The early disappearance of sea ice, now in the late spring and early months, occurs at the same time that pups are being born and when mother bears put on most of their fat that will get them through the winter, York said. Putting them on shore early puts them in a precarious body condition for the upcoming cold months.
"Females are going to be less successful taking a pregnancy to term," York said. "Even if they do carry it to term, they'll be less successful in raising those cubs in the first year."
Between 1.6 degrees Celsius and 2.6 degrees Celsius of warming since pre-Industrial times is the range in which the Hudson Bay polar bears are expected to go extinct, Crawford said.
"That low end, we're knocking on the door of that already," Crawford said.
The paper brings together the latest climate models with two components that greatly affect polar bear survivability -- snow depth and ice thickness -- for the first time, York said. Ringed seals, polar bears' primary source of prey, need adequate snow depth to successfully den and protect their young in the springtime.

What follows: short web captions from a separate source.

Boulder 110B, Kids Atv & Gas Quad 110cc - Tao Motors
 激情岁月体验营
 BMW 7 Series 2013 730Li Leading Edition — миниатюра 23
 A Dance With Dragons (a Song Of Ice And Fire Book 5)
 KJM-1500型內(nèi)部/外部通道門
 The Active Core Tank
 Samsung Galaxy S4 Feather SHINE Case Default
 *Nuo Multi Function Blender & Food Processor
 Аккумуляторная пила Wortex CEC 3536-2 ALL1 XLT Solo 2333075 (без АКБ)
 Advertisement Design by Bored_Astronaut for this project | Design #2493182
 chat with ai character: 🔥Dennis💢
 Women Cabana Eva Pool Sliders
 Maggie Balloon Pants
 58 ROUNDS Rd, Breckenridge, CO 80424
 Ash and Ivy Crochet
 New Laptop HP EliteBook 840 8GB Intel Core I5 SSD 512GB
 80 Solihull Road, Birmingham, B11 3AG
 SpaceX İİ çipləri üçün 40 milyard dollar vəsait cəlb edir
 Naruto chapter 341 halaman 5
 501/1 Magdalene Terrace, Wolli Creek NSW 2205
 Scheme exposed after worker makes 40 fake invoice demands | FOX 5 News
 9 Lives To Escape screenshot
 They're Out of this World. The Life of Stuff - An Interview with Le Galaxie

Even when accounting for bias in the climate models, the paper's findings were still grim, Crawford said.
Predictions made in the early ‘90s about warming impacts on polar bears are happening sooner than expected, York said.
Researchers have observed "dramatic" drops in the Hudson Bay subpopulation of up to 26% in the last decade, York said. There are only about half the number of polar bears in the population than 40 years ago.
"That decline is already kind of in progress, and if anything, I think now we'll see it likely accelerating," York said.
There is a chance for the sea ice to recover drastically, Crawford said.
If greenhouse gas emissions were to stop altogether, the extent of the sea ice could reverse in just a matter of years, Crawford said.